The hidden point behind the shrinking foal crop, which looks like it may have stabilized, is not that there are less horses. Really it means that there are fewer broodmares. When our prices crashed, the big players (and I mean Americans, Euros, Japanese, etc) still had the cash to buy, but now they could buy in bulk. The number of new buyers that popped up at Keeneland and Fasig-Tipton and OBS increasingly were of the foreign variety. When the Japanese or Chileans or Brazilians or Russians or Koreans buy a mare, she's gone. Countries that are making the concerted effort to build up their broodmare band and racing industry have a huge incentive to hold on to those mares and breed them in their own country.
Just take Korea as an example. They recently purchased Hansen (in my humble opinion, they can have him) to help establish a breeding program to rival their neighbors. They may have a long way to go, as Japan and Australia are world class programs, but the point is that they are trying. Increasingly you see "sent to Korea" or results from Korea within pedigrees. While not a top-notch contributor to the industry worldwide, they've siphoned off enough talent from the States that it makes an impact.

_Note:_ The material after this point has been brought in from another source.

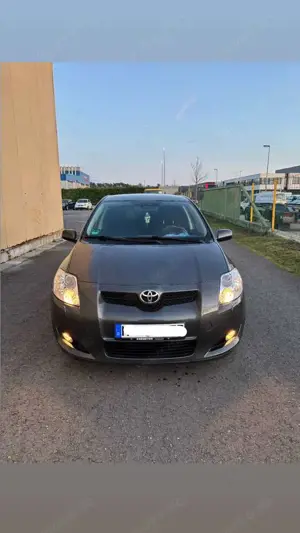 Toyota Auris 2.0 D-4D Executive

Therefore, with less broodmares, each broodmare prospect or mare in foal becomes that much more valuable. This year, one agent I know had orders for 30 broodmares. Due to the skyrocketing prices, he was able to fill 3 of those orders. That's crazy. In fact, a few of the commercial breeding operations that typically buy mares in foal, foal the mare, sell the baby, and resell the mare in foal again, had to resort to buying weanling fillies with the intent of breeding them eventually. That's a tough sell on the bottom line. That means you have the sale price, the costs of boarding the filly, training costs, and then ultimately the time it takes between investment and payoff.
The change in the dynamic of the market has caused a number of operations to shift foci. In lieu of pinhooking mares and babies, I know that some are looking at the tracks to claim for breeding purposes. Instead of finding bargains at the sale (no matter whether foals, yearling, or mares) you're looking to hold on to the mares you have now to sell the babies.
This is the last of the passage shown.